Search engine optimization (SEO) has come a long way since the days of stuffing keywords and hoping for the best. Back then, it was too often used to bolster weak writing, to trick people into reading something that wasn’t worth their time.
Now, good SEO makes great content even better. We use the keywords people search for to make sure what we offer will have value—which, in turn, makes the content naturally keyword rich. Good SEO practices help people find valuable content. As such, SEO is an essential part of content marketing strategy.
Few marketers know more about the mysterious inner workings of search engine algorithms than Rand Fishkin. Rand and the team at Moz have been helping clients improve their inbound marketing for over a decade. In addition to serving clients, Rand shares his expertise with the marketing community on the Moz blog, particularly in his Whiteboard Friday series.
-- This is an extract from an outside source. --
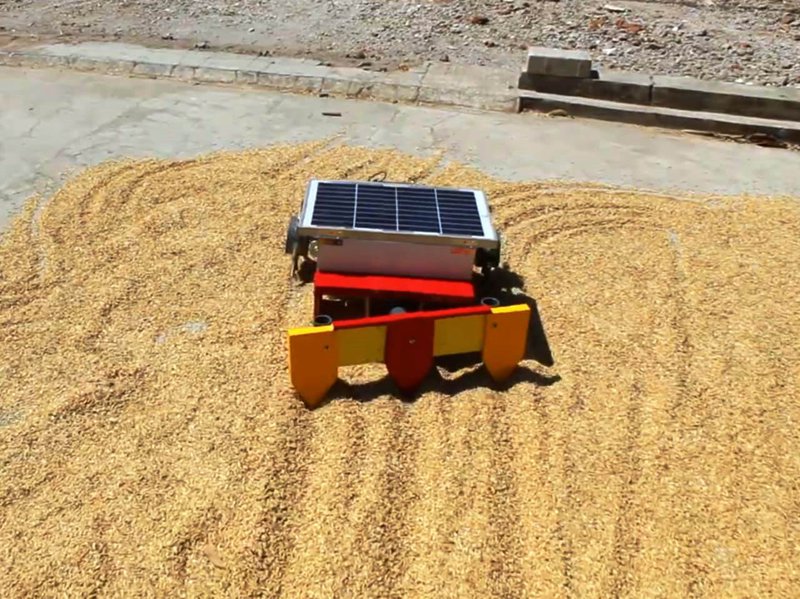 ROBOT ORAK-ARIK. Robot orak-arik gabah buatan Else Windasari, siswi SMP Negeri 1 Jetis Kabupaten Ponorogo. FOTO: Gayuh.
As Arthur C. Clarke said (sort of), “Sufficiently advanced SEO is indistinguishable from magic.” So it makes sense that Rand’s official job title is “The Wizard of Moz.”
As part of the The Sophisticated Marketer’s Guide to Content Marketing, we asked Rand to share his thoughts on SEO’s role in content marketing strategy. Read on to learn which SEO skills all marketers should have, which opportunities marketers should capitalize on within the coming year, and more.
Ask the Expert with Wizard of Moz Rand Fishkin
LinkedIn: If you were starting a content marketing program from scratch, where would you begin?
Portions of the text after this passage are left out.